Holding Our Confessions of Faith Relationally

This Moltmann Monday quote is from The Way of Jesus Christ again, from his section on Christology and its relevance:

The theme of the acknowledgement ‘Jesus is the Christ, Jesus is the Lord’ is not merely the mystery of Jesus’ person. From the very beginning, and quite essentially, this acknowledgement has always been at the same time a statement about the mystery of God. Paul is quoting an early Christian creed when he writes (Rom. 10:9): ‘If you confess with your lips that Jesus is Lord and believe in your heart that God raised him from the dead, you will be saved.’ To confess Jesus as Lord is at the same time to confess the God who raised him from the dead; and the reverse is also true…This means in the first place that Christians believe in God for Jesus’ sake, and in Jesus for God’s sake…In the Christ they confess, they do not merely perceive that Jesus is ‘theo-form’; they also discern that God is ‘christo-form.’ This further means that Jesus is the Lord because God has raised him from the dead. His existence as the Lord is to e found in God’s eschatological act in him, which we call raising from the dead…

The subject of Christology cannot therefore be cut down to the earthly person of Jesus of Nazareth…nor does it have to do with the private person of the Galilean, or the historical personality of the Nazarene…The theme of Christology extends to his resurrection and his presence in the Spirit of the coming God.

I love the way Moltmann connects these two confessions of faith. It seems obvious to do so, but so many theologians tackle the person of God separately from the person of Jesus in a way that, to me, has a sense of unhitching the wagons in how the whole thing holds together.

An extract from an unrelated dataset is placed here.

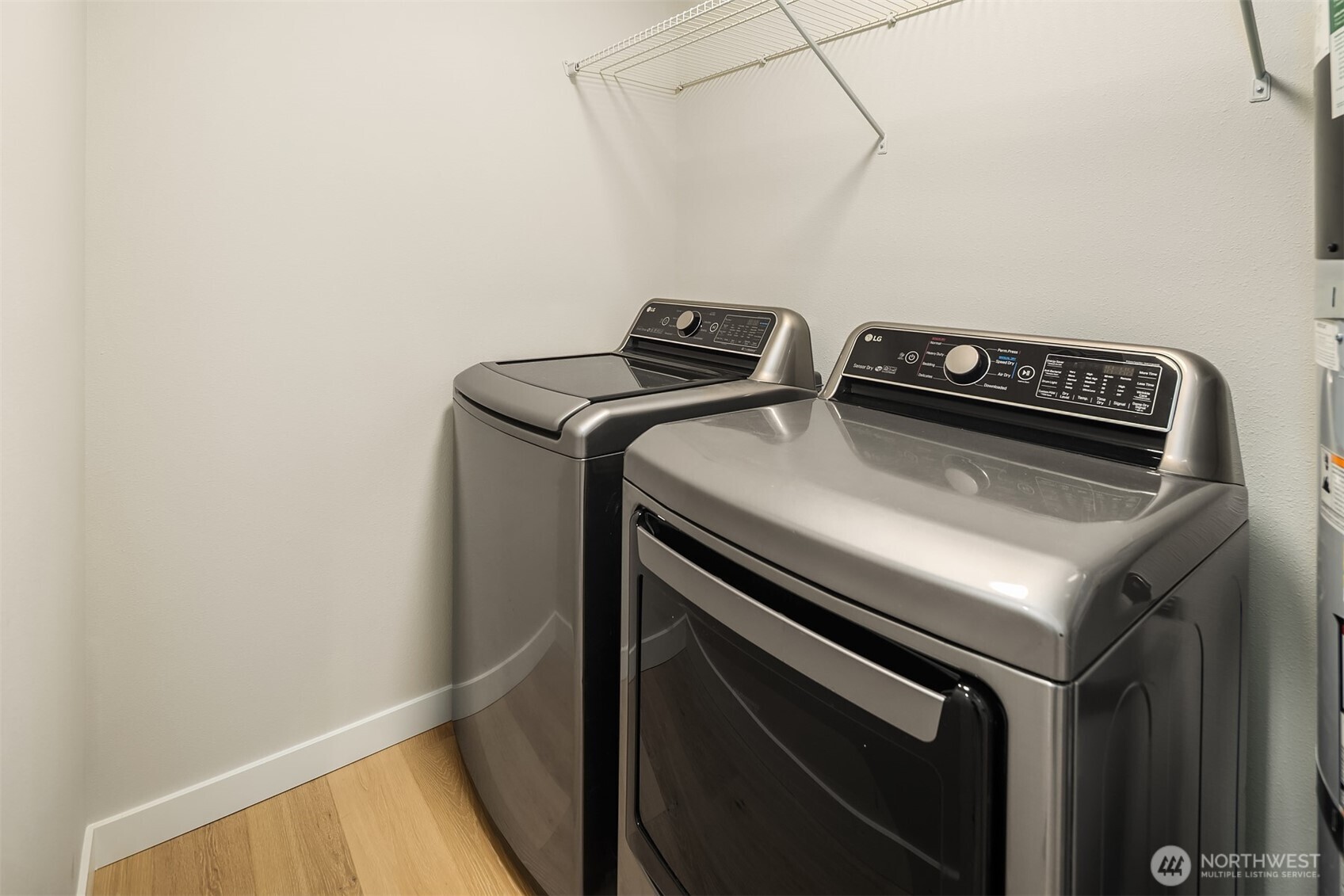 Laundry room with metallic washer and dryer beneath wire shelving.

Here, Moltmann sets them beside one another, more like two oxen pulling a plow. In addition, modern liberalism was pretty good at unhitching all our theories about Jesus and then picking one to the exclusion of the others: the historical Jesus, the political Jesus, the Jesus we sense in our hearts. I’m not fond of splicing it up theologically like that, particularly when there’s no concern about putting the whole picture of Jesus back together, much less the whole picture of Jesus in relation to God. I particularly love how he describes our confession of God as the One who resurrects Jesus as God’s christo-form. That’s a nice balance to a conversation that almost always centers solely on Jesus’ theo-form.

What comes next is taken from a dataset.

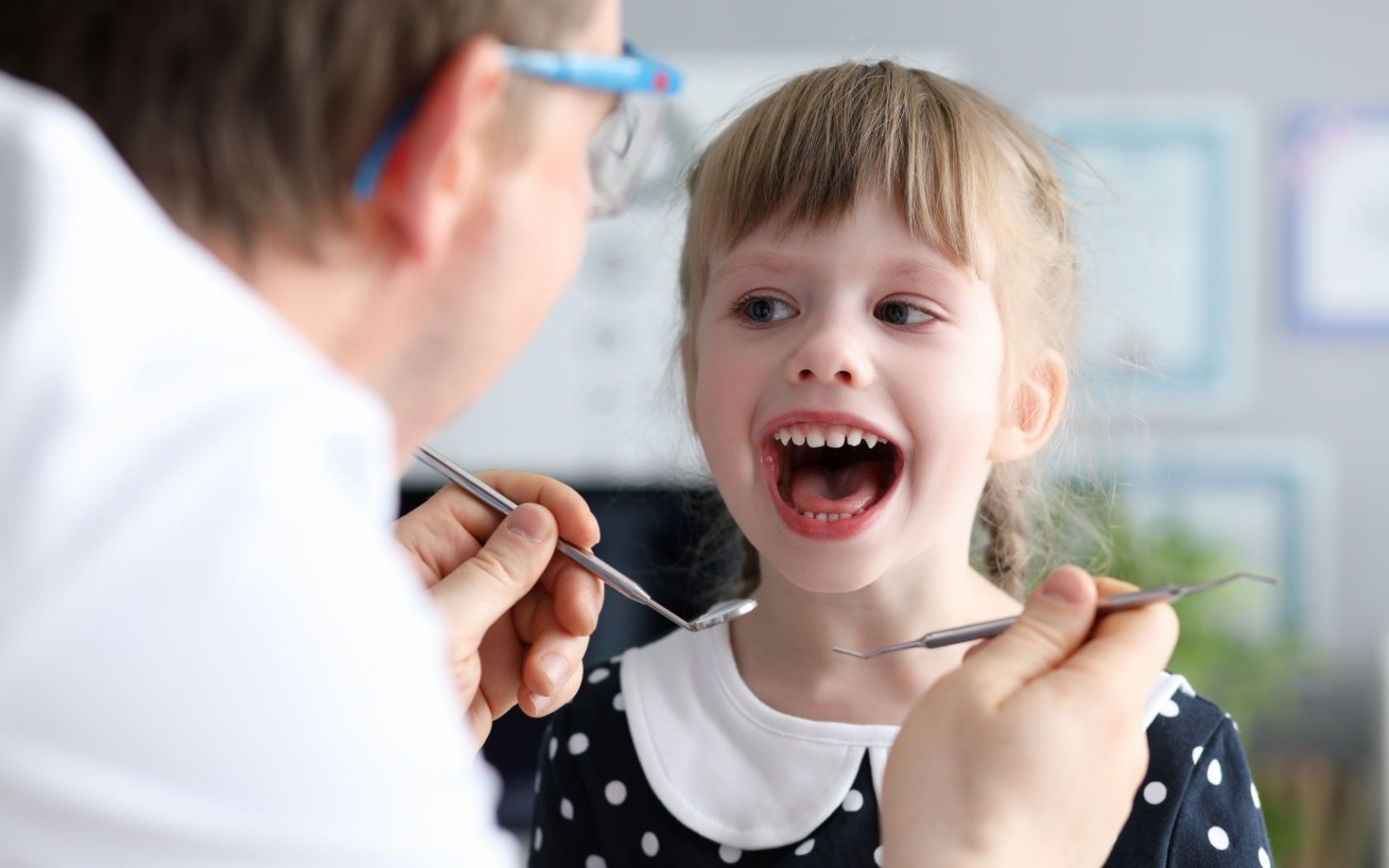 Child Smiling While Getting Checkup At Dentist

As usual, Moltmann’s focus on relational theology is what I find convincing. We have lots to say about why our confession of Jesus as Lord falls in line with prophetic texts or has socio-political overtones but we often stop short in saying aloud also that it means something very important about our understanding of GOD. These subtleties add up here and there, and I’m glad Moltmann points them out to us again and again.

There’s been some interesting conversation about the resurrection going on over at Tony Jones’ blog. I’ve wondered for a while if a discussion of the resurrection will be next what the atonement conversation has been over the past few years. I think both deserve discussion, that’s for sure.